The reason The Norwood Suite is so great is that it delivers all of its cleverness without showing off or condescending. It’s like having a conversation with a very smart and generous person, who leaves you wanting to know more about a hundred different topics, but always feels like a storyteller rather than a professor. It’s a game I’m comfortable to wander around and to study, to enjoy and to analyse.
There have been many musical games, from Gitaroo Man to Amplitude and Epic Mickey 2, but The Norwood Suite is the most thoughtful and joyous one I’ve encountered. It’s faintly sinister too, which is great if you like that sort of thing (I absolutely do).
Alice: Despite the giant stone heads, the slicing machine with feet and the head of a dachshund, the musical bowling pins dominating a hall, the eyeball in the Wi-Fi router, the book of spiders, the grasping hands around a doorway, the impossible sheet music, the secret diorama tunnels burrowing through the building, the murals of man and beast, the bedroom containing a miniature city bopping to a beat, the giant mushrooms, and the piano in the oven, the Hotel Norwood is not a strange place.
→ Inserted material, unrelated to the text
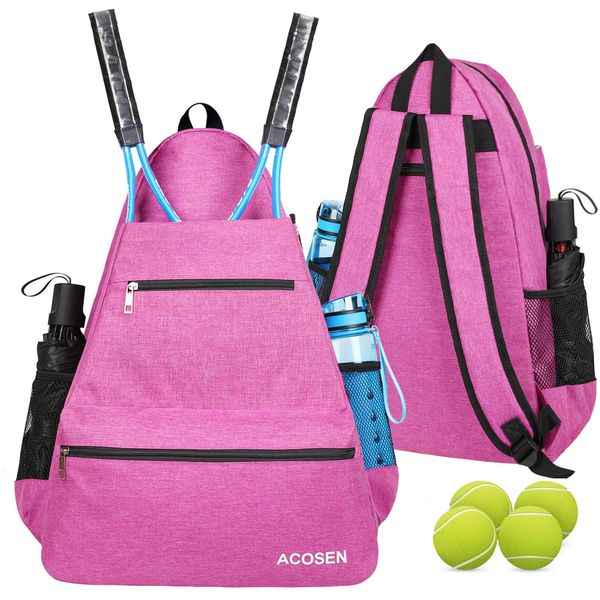 ACOSEN Tennis Bag Tennis Backpack - Large Tennis Bags for Women and Men to Hold Tennis Racket,Pickleball Paddles, Badminton Racquet, Squash Racquet,Balls and Other Accessories (Rose Red)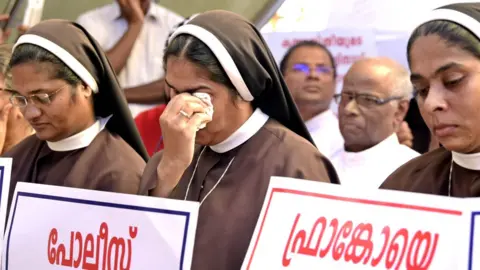 K Santosh Nuns across Kerala have been protesting, demanding that the bishop be arrested.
It just is. I adore the bricolage style throwing together so many disparate objects, styles, and motifs so intensely that the hotel is just itself – often surprising but never kooky.
It’s a great place to visit but, as Adam says, the way the building intertwines with the stories of everyone drawn to it is extra-great. It’s a catalyst for a life-changing visits. I still find parts of the hotel — and especially of some guests’ stories — popping back into my mind.